But even "simple" frequency increases are increasingly becoming not so simple. And this has driven the industry to look at solutions other than cranking up the clocks.
With GDDR6X, Micron and NVIDIA replaced traditional non-return-to-zero (NRZ/PAM2) encoding with four-level pulse amplitude modulation (PAM4) encoding. PAM4 increases the effective data transmission rate to two data bits per cycle using four signal levels, thus enabling higher data transfer rates. In practice, because GDDR6X has a burst length of 8 bytes (BL8) when it operates in PAM4 mode, it is not faster than GDDR6 at the same data rate (or rather, signaling rate), but rather is designed to be able to reach higher data rates than what GDDR6 can easily accomplish.
Four-level pulse amplitude modulation has an advantage over NRZ when it comes to signal loss. Since PAM4 requires half the baud rate of NRZ signaling for a given data rate, the signal losses incurred are significantly reduced. As higher frequency signals degrade more quickly as they travel through a wire/trace - and memory traces are relatively long distances by digital logic standards - being able to operate at what's essentially a lower frequency bus makes some of the engineering and trace routing easier, ultimately enabling higher data rates.
The trade-off is that PAM4 signaling in general is more sensitive to random and induced noise; in exchange for a lower frequency signal, you have to be able to correctly identify twice as many states. In practice, this leads to a higher bit error rate at a given frequency. To reduce BER, equalization at the Rx end and pre-compensation at the Tx end have to be implemented, which increases power consumption. And while it's not used in GDDR6X memory, at higher frequencies (e.g. PCIe 6.0), forward-error correction (FEC) is a practical requirement as well.

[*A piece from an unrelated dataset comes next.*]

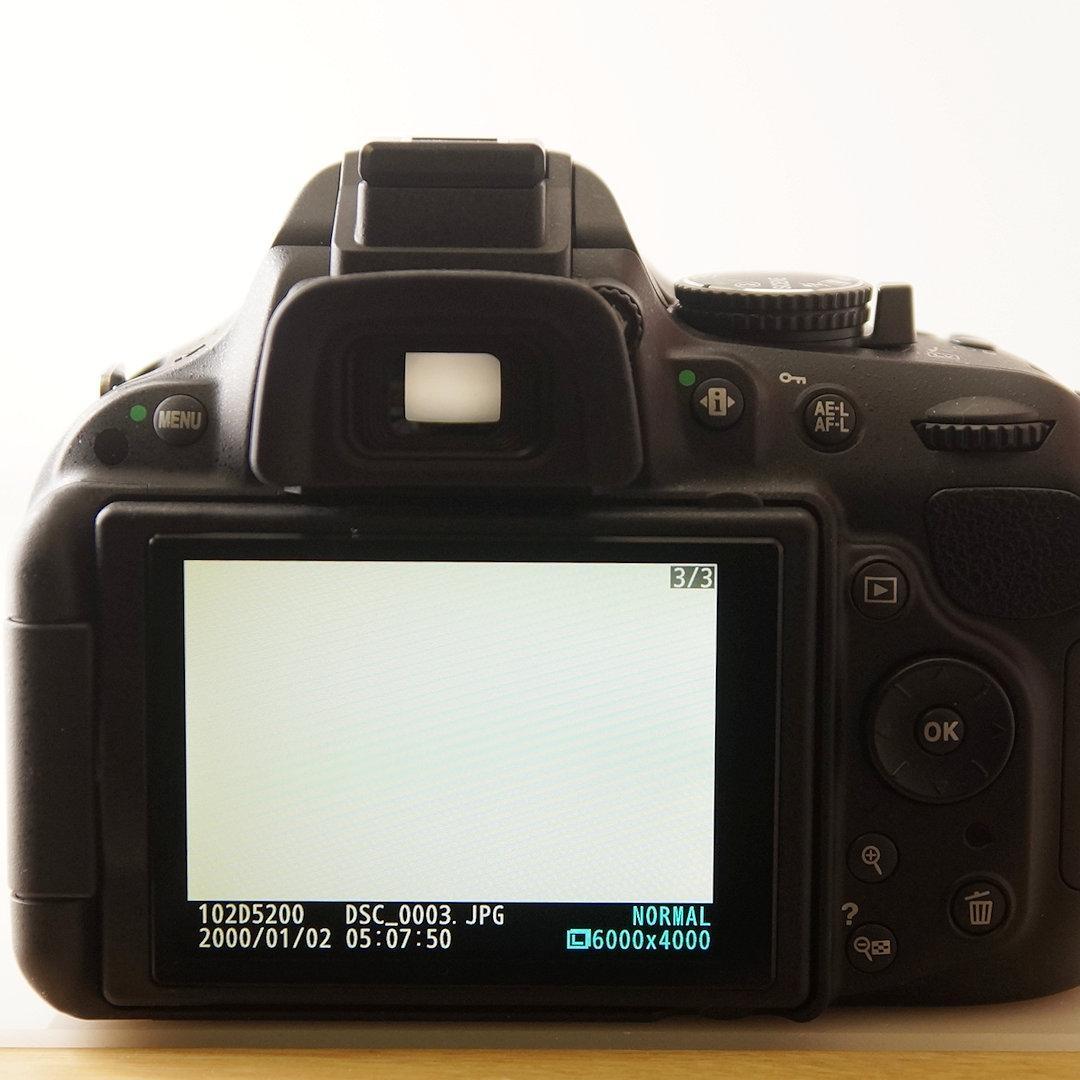 330ショット★Nikon D5200 ※VRIIレンズ 一眼レフ バリアングル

And, of course, GDDR6X memory subsystems require an all-new memory controllers, as well as a brand-new physical interface (PHY) both for processors and memory chips. These complex implementations are to a large degree the main reasons why four-level coding has, until very recently, been almost exclusively used for high-end datacenter networking, where the margins are there to support using such cutting-edge technology.
GDDR7: PAM3 Encoding for Up to 36 Gbps/pin
Given the trade-offs mentioned above in going with either PAM4 signaling or NRZ signaling, it turns out that the JEDEC members behind the GDDR7 memory standard are instead taking something of a compromise position. Rather than using PAM4, GDDR7 memory is set to use PAM3 encoding for high-speed transmissions.
As the name suggests, PAM3 is something that sits between NRZ/PAM2 and PAM4, using three-level pulse amplitude modulation (-1, 0, +1) signaling, which allows it to transmit 1.5 bits per cycle (or rather 3 bits over two cycles). PAM3 offers higher data transmission rate per cycle than NRZ – reducing the need to move to higher memory bus frequencies and the signal loss challenges those entail – all the while requiring a laxer signal-to-noise ratio than PAM4. In general, GDDR7 promises higher performance than GDDR6 as well as lower power consumption and implementation costs than GDDR6X.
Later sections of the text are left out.